Justice Gorsuch is on the side of the women.  He says that there is absolutely no way that the application of this law in this situation can survive even modest scrutiny under the Contracts Clause of the United States Constitution.

The Contracts Clause appears in Article I Section 10 Clause 1.  It reads “No State shall enter into any Treaty, Alliance, or Confederation; grant Letters of Marque and Reprisal; coin Money; emit Bills of Credit; make any Thing but gold and silver Coin a Tender in Payment of Debts; pass any Bill of Attainder, ex post facto Law, or Law impairing the Obligation of Contracts, or grant any Title of Nobility.”  The critical point is the “Law impairing the Obligation of Contracts”.  Everyone agrees that this was because early state legislatures were often passing private legislation excusing influential citizens of debts to foreign creditors, and the Federal government (particularly the Federalist party) saw the danger that such unilateral cancelations of loan contracts would impede much-needed foreign capital investment in the new nation.

Gorsuch agrees that it would be possible for Minnesota to pass such a law which going forward impacted future insurance contracts.  That is, once the law is on the books it is presumed that anyone buying a life insurance contract is made aware that divorce will alter the beneficiary status, because the law exists.  However, the point of the Contracts Clause is to prevent states from altering contracts retroactively–that is, whatever Sveen believed he was contracting at the time he purchased the policy is what Sveen should get, and that means that since he named Melin as beneficiary and had no notice at the time that this would be changed without his knowledge or explicit consent, he should get what the contract says, and that means his primary beneficiary Melin should receive the proceeds.

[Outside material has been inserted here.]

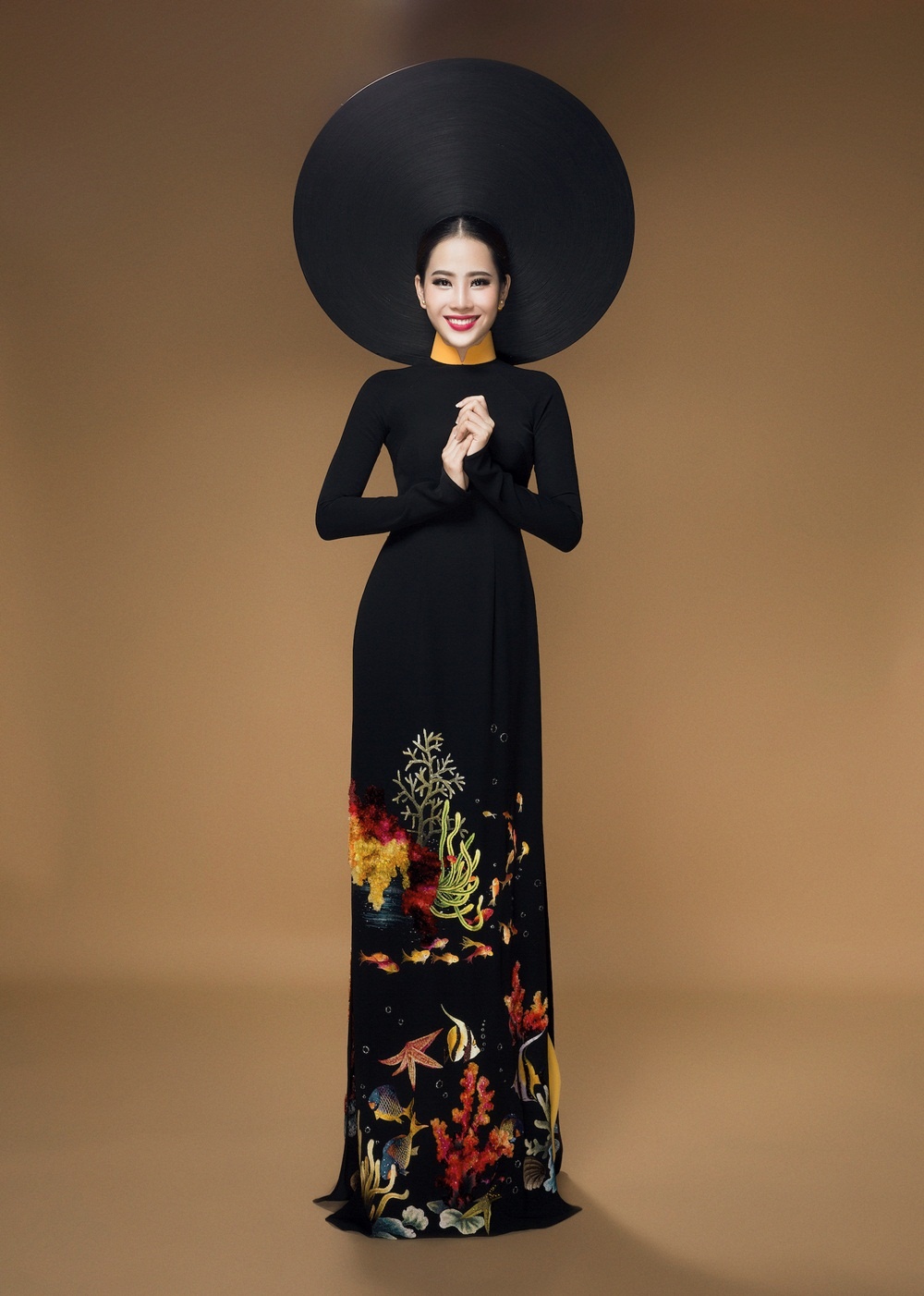 Nam Em duyen dang ao dai anh 4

Justice Kagan, writing for the 8-member majority, disagrees.  She says that the State is simply creating by law what it perceives to be the normal expectation of divorcees, that if they have failed to remove their divorced spouse as beneficiary on their policies it is undoubtedly an oversight.  Melin’s claims to the contrary in this case are immaterial, and the law certainly permitted Sveen to contact his insurer and reinstate his divorced wife as beneficiary, so it was a simple matter to correct.  Indeed, had the life insurance policy been included in the divorce settlement decree, that would have overridden the effect of the law.  Further, Sveen has lost nothing because the insurance policy was paid to his contingent beneficiaries; he has gotten what he wanted.  No significant term of the policy was altered.

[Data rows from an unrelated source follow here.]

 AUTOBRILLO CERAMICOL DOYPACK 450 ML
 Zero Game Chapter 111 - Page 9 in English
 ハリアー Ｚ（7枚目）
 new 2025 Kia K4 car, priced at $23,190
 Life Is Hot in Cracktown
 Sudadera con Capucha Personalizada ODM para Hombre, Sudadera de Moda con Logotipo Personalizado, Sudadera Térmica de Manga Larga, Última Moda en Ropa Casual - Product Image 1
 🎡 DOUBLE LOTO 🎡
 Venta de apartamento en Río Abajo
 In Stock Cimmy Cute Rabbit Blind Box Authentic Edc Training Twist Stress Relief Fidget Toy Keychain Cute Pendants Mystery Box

If that sounds like garbage to you, it did to Gorsuch, too.  Even the majority admits that the beneficiary is a significant part of the contract, and Gorsuch would say the most significant part.  There was evidence that Sveen did not “change” the policy to “restore” the initial primary beneficiary because he was unaware that any such change was necessary–his copies named Melin, and Melin’s testimony suggests that this was what he wanted.  The notion that failing to remove a divorced spouse as beneficiary would be a simple oversight but that failing to restore such a spouse to that position without any notice that it had changed could not possibly be an oversight is completely incomprehensible.

However, even the dissent agrees that laws such as the one in Minnesota can affect subsequently purchased policies and trusts and similar financial instruments, and the majority has stated that they can be retroactive.  Quite a few states have such laws, which are an ordinary part of state regulation of the interpretation of the intent of a decedent where any point is unclear.

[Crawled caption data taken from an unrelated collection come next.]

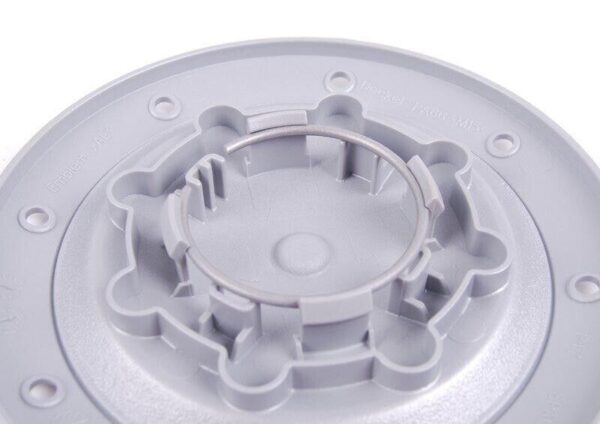 1K0601149EQZQ - Genuine Wheel Center Hub Cover VW Caddy Golf Plus Jetta Touran 2003-2015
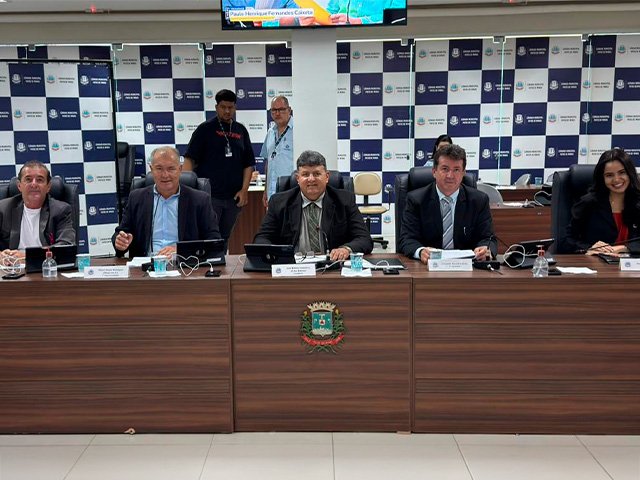 SÍNTESE DA REUNIÃO ORDINÁRIA - DIA 23 DE OUTUBRO DE 2025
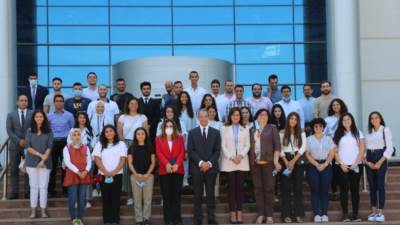 وزير الاتصالات: تدريب 110 ألف شاب على المهارات الرقمية بتكلفة 400 مليون جنيه خلال 2020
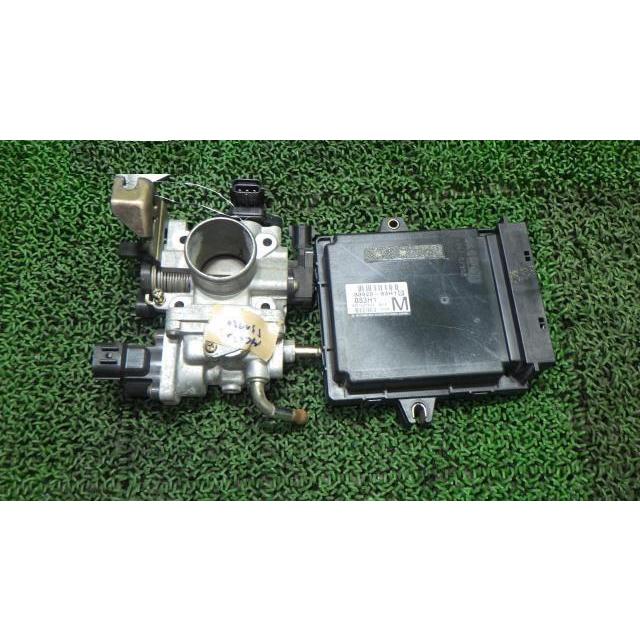 ワゴンR ワゴンR UA-MC22S エンジンコンピューター MITSUBISHI 33920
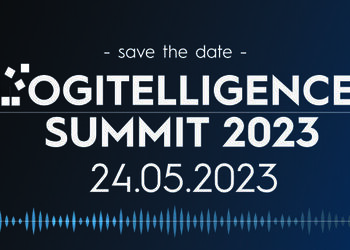 Pridružite nam se na Logitelligence summit 2023.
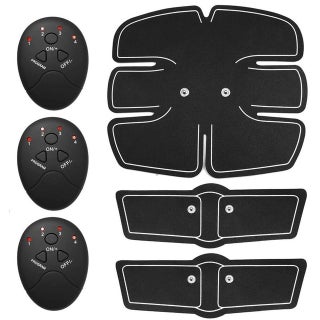 EMS Abdominal Fitness Massage Sticker Charging three-piece set - pzsku/Z26346E192783E0FF752CZ/45/1746229797/3baa011d-9b87-4c73-b72f-061d8f4bc192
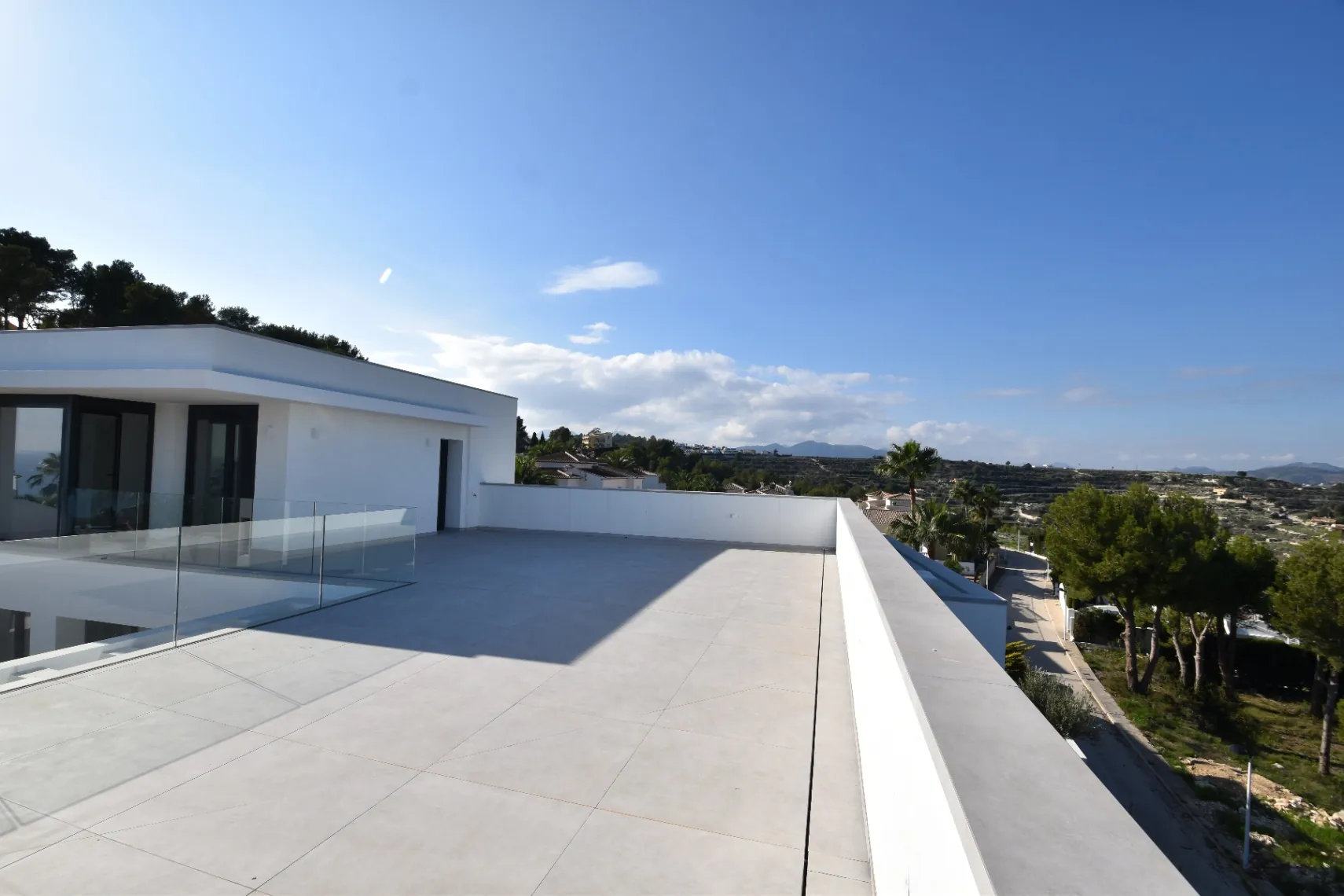 Villa de lujo en Moraira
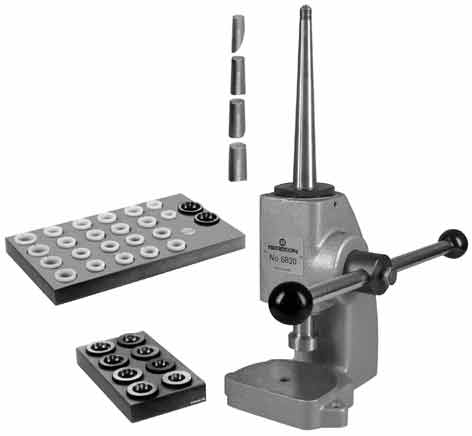 Enlarging & Reducing Tool For Patterned & Non Patterned Wedding Rings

Thus the short version is this warning:  if you have gotten divorced and you have any legal instruments by which one spouse has named the other as beneficiary, and these have not been specifically assigned in the divorce decree, check to be sure that these will be treated according to your expectations and not cancelled by a state law of which you are unaware which is attempting to enforce what the legislature presumes is your actual intent despite your contractual statement otherwise.